Tan desastroso ha sido el partido para el Madrid que al final ni siquiera ha podido aprovechar los regalos del árbitro. Porque no me diréis que hoy el árbitro no ha sido una bendición para el Madrid. Sin cambiar el signo del partido -Casillas ha salvado dos goles diez minutos antes de la primera jugada polémica y otros dos diez minutos después- sus decisiones eran la coartada perfecta, suficiente y necesaria para tapar errores propios.
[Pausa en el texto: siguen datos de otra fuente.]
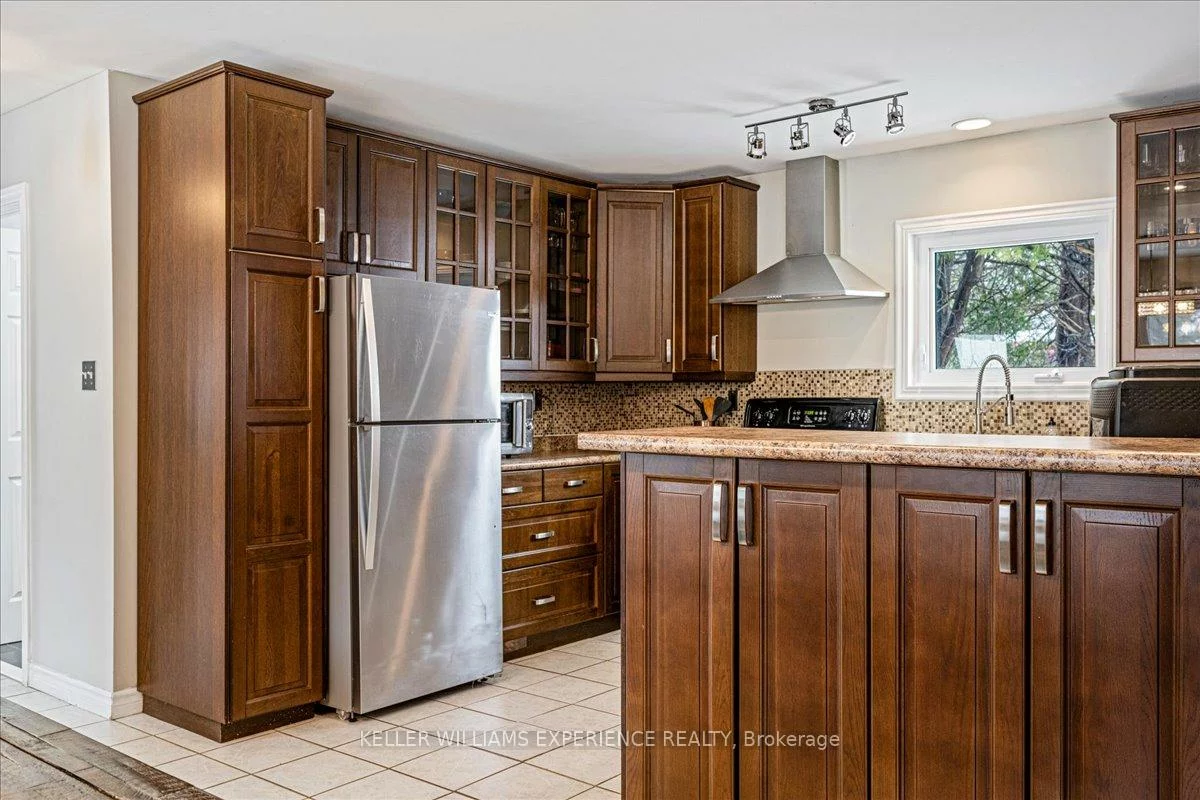 211, Foster, Painswick North, Barrie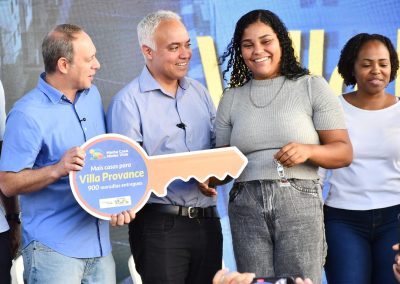 Nova Iguaçu entrega 900 apartamentos do Minha Casa, Minha Vida; mulheres vítimas de violência estão entre as beneficiadas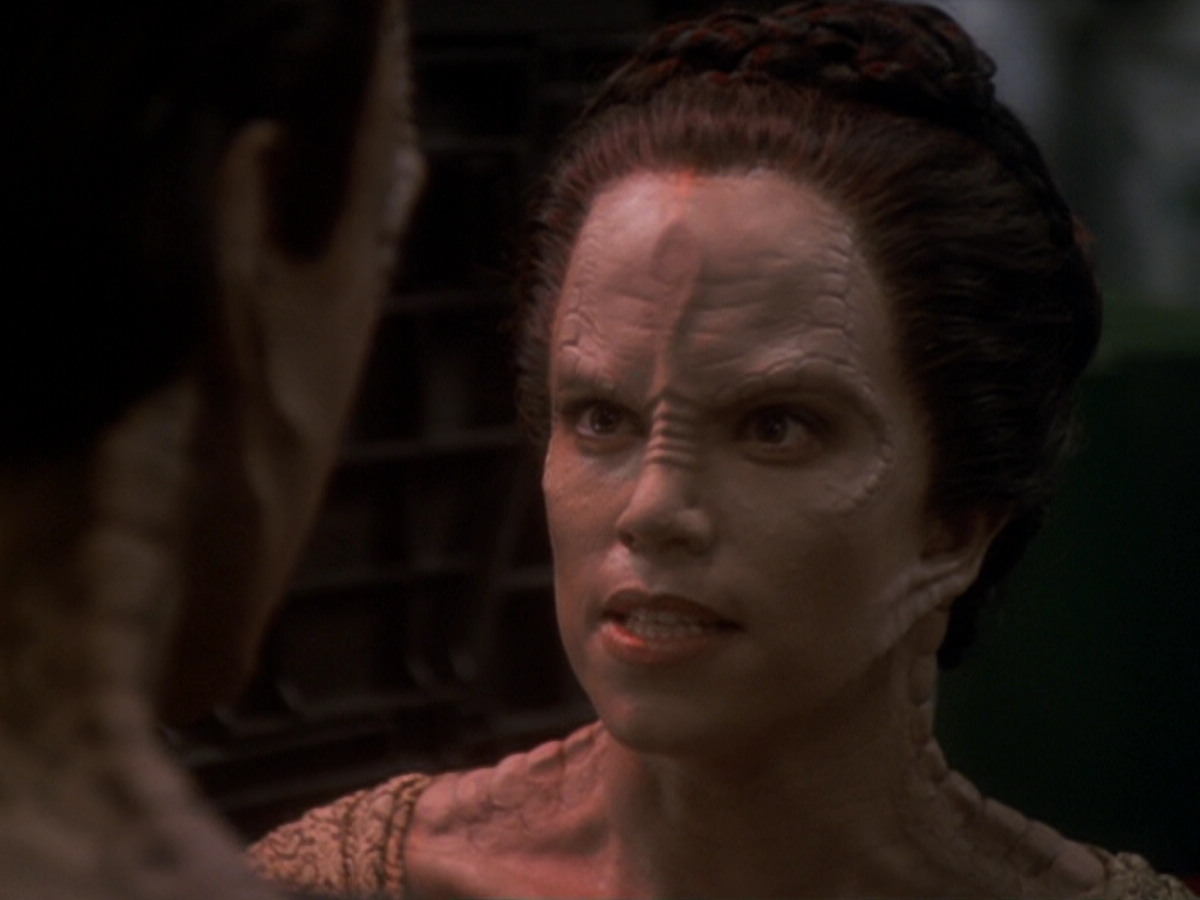 extant_StarTrek_DS9_6x05-FavorTheBold_02789.jpg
Un primer gol fruto de una falta que nunca es pero siempre se pita y un
penalty cuyo agravante es que lo pita un
linier que hasta entonces no quería saber nada del partido eran la excusa ideal para no tener que hablar ni de
Robben, ni de
Guti, ni de las bandas, ni de
Juande, ni del proyecto de Florentino.
Sin embargo con el 4-0 cuesta mañana bajar al Bar y explicar a
alguien que no
vio el partido que la culpa fue del árbitro. ¿Qué cara pondrá? ¡¡Pensará que eres un marciano!!. Así que si quieres tomarte el café con dignidad no ataques al árbitro, tampoco hace falta (si quieres) que nombres al Madrid,
échale las culpas al
Liverpool, al fin y al cabo es al único junto a Casillas que has visto esta noche.
PD: Me ha comentado un
culé en el descanso que si en vez del Madrid hubiese sido el
Barça el que jugaba hoy, se estarían cagando en el árbitro. Discrepo: se estarían cagando en los holandeses.
PD2: La puntilla ha sido acabar el partido, cambiar de canal y encontrarte el "
Dale a tu cuerpo alegría Macarena" en La 1. Hoy no tocaba.